◆ What the exercise asks
Once the line containing "Olight O'Pen 3" is found in the entries below, restate it and each following line word for word, stopping after the line containing "Papierflieger aus Topf".

◆ Task data
Segment Open
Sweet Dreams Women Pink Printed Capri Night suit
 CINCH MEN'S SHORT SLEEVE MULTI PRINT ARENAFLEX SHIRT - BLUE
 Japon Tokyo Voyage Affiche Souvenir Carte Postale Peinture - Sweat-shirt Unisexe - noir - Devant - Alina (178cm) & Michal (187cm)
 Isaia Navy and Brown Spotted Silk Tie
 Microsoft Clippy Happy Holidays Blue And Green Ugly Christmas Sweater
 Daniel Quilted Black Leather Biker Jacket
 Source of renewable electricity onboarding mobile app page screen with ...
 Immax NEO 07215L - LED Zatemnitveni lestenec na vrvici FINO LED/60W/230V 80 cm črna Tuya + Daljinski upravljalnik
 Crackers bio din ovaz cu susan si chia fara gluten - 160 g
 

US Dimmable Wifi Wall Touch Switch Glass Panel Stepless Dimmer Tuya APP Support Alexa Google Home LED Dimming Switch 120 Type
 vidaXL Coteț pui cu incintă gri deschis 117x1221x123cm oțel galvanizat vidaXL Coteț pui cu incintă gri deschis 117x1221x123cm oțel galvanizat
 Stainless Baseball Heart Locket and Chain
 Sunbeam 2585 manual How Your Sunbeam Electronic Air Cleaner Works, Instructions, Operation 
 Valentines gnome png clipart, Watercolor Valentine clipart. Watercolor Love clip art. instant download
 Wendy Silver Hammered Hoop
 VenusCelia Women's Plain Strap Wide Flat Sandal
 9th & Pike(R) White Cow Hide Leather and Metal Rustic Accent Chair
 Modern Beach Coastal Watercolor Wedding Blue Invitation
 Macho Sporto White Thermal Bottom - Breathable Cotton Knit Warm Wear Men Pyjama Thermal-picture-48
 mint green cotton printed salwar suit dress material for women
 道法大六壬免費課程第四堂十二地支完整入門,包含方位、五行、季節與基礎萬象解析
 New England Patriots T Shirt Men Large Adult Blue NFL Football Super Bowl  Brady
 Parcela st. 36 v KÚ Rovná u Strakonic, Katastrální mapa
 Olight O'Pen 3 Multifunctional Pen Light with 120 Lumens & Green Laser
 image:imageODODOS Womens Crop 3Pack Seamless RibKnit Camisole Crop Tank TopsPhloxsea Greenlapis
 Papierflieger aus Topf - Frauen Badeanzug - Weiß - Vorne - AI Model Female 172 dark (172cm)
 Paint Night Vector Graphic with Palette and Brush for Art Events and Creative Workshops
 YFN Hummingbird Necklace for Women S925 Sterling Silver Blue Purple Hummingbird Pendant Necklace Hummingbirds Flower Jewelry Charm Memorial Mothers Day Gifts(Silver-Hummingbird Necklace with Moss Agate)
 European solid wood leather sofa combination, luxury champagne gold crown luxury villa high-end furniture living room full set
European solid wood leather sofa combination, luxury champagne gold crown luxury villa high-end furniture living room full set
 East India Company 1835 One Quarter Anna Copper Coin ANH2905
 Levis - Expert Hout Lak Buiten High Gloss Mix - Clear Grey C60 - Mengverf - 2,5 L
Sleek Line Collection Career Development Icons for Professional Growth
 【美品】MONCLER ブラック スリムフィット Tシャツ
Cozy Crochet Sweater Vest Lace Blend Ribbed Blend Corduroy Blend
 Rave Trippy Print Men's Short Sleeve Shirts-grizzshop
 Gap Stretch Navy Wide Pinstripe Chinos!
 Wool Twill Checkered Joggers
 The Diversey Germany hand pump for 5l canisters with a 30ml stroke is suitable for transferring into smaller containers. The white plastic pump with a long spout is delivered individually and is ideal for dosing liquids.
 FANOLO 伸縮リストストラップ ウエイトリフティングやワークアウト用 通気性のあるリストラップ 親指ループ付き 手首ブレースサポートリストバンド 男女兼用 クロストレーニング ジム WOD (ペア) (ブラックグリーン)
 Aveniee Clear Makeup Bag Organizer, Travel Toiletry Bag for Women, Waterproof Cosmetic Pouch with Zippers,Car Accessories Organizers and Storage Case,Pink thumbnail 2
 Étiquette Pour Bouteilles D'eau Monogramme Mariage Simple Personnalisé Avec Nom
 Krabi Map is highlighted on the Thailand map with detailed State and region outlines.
Segment Closed
◆ Solution to the problem
 Olight O'Pen 3 Multifunctional Pen Light with 120 Lumens & Green Laser
 image:imageODODOS Womens Crop 3Pack Seamless RibKnit Camisole Crop Tank TopsPhloxsea Greenlapis
 Papierflieger aus Topf - Frauen Badeanzug - Weiß - Vorne - AI Model Female 172 dark (172cm)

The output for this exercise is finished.